The anti-scouring device 61 is illustrated in position on the bed 33 of stream 31 at a location proximate the downstream end of a dam 37, and also downstream of the downstream end 43 of an abutment, such as a non-overflow weir 39 in FIG. 11. In the embodiment also, a sheet pile downstream barrier 59 may be driven into the bed 33 of stream 31 at a location immediately downstream of concrete members of the anti-scouring device 61.

A method of forming the anti-scouring device 61 on the bed of a stream 31 is illustrated in FIGS. 12 to 14. Because of the large size and resultant weight of the concrete members 63, the base of which would generally be on the order of 50 feet square or larger, placement of rows of such members at a single step would be impractical or unworkable.
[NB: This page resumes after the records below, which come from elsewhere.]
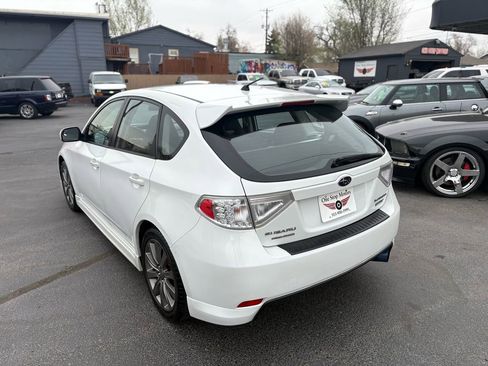 Used 2010 Subaru Impreza WRX Hatchback image 6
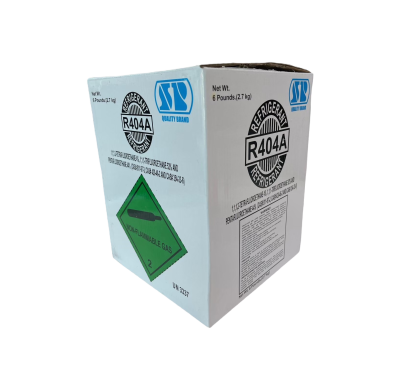 Refrigerant R404A (SP) ขนาด  2.7 Kg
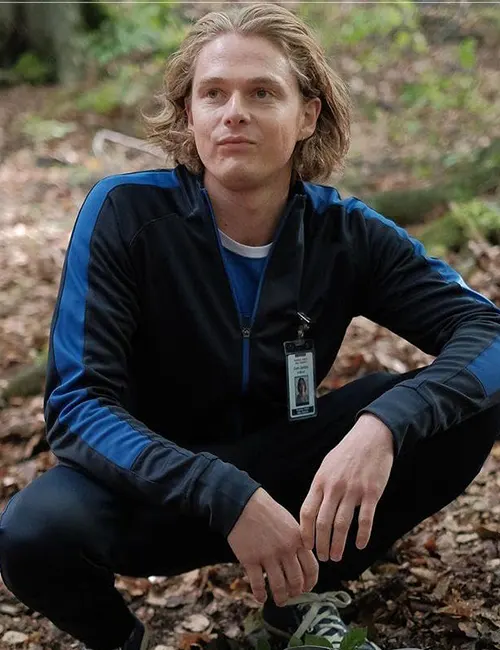 Cam Fallen 2024 Black Track Suit Cam Fallen 2024 Black Track Suit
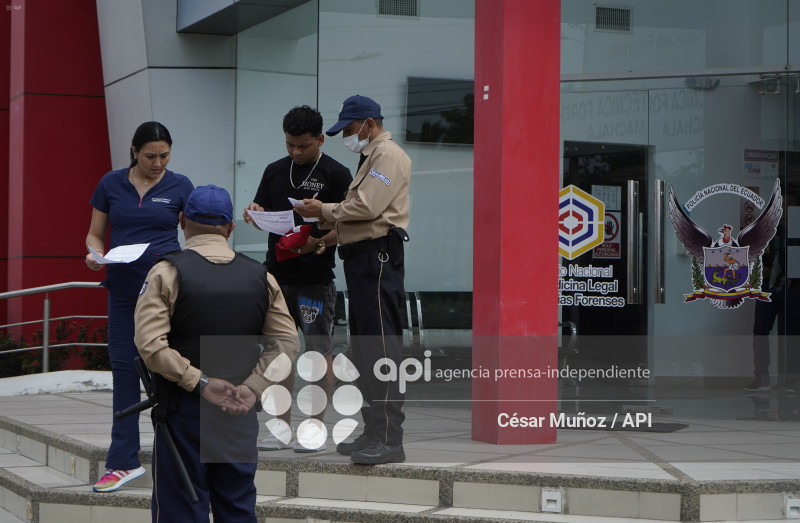 MASACRE CARCEL MACHALA
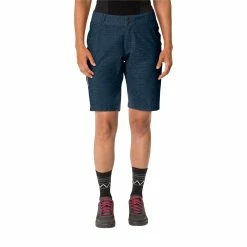 VAUDE WOMEN'S LIGURE SHORTS 9 VAUDE WOMEN'S LIGURE SHORTS -Cykelbukser Butik 6737D18122FD0F72BC57E95AA949C89B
Such concrete members 63 would have a base 65 of a thickness of about 2 feet or less, with the webs 67, 69 extending a distance of about 4 feet or less from the base, providing a relatively large and flat base with the extensions.

Referring now to FIG. 12, a concrete member 63 has releasable secured thereto flotation tanks 75 and also flotation control tubes 77. Using the flotation tank 75, the concrete member 63 may be floated to a desired location, such as above a depression 45, formed in the stream bed 33 by dredging. The flotation control tubes 77 may be used for attachment of horizontal positioning control lines 79 which are attached to an upstream support such as a support post on the dam or piers for the dam (not shown), while also controlled by vessel lines 81 attached to a control vessel 83. The concrete member 63 is then lowered to the bed, by progressively filling the flotation tanks 75 and flotation control tubes 77 in a predetermined manner for fine vertical control, and the flotation tank 75 and flotation control tubes 77 released therefrom and removed from the area of the anti-scouring device 61. After lowering of a concrete member 63 at the downstream end of the anti-scouring device 61, it may be desirable to drive a sheet pile downstream barrier 59 into the bed 33 of the stream 31 adjacent the concrete member 63. As shown in FIG. 13, prior to release and removal of a flotation control tube 77 from the concrete member 63, a template 85 may be secured to the flotation control tube 77 and used as a guide and support for driving of the sheet pile, illustrated as 87, into the bed 33. Upon final placement of the rows 29 of concrete members 63, riprap 47 may be deposited on the bed 33 between the upper edge of the row 29 and the downstream end 35 of the dam 37, while further riprap 47 may be deposited on the bed 33 immediately downstream of the sheet pile barrier 59.

Claims

1. An anti-scouring device for preventing the scouring of the bed of a flowing stream of water at a location proximate the upstream or downstream end of a dam comprising:

a plurality of rows of concrete members, each said concrete member having a rectangular base, four integral upwardly extending retention posts on said base, one adjacent each corner of said rectangular base, four downwardly extending members in the shape of pyramids for engaging the bed of said stream, one adjacent each corner of said rectangular base; positioned in the direction of flow of said stream, said rows aligned in a transverse direction to said flow, in substantially abutting relationship;

flexible linking means provided to link adjacent concrete members of a said row in adjacent relationship, comprising hairpin anchors having at least one leg embedded in said concrete member and a curved portion thereof exposed to provide a closed loop, and link chains passed through adjacent closed loops of adjacent concrete members;

said rows positioned on the bed of said stream proximate said dam; and

a supply of riprap disposed on the concrete members and retained thereon by said upwardly extending retention posts.

2. The anti-scouring device as defined in claim 1 including a sheet pile barrier driven into the bed of said stream immediately downstream of the concrete members.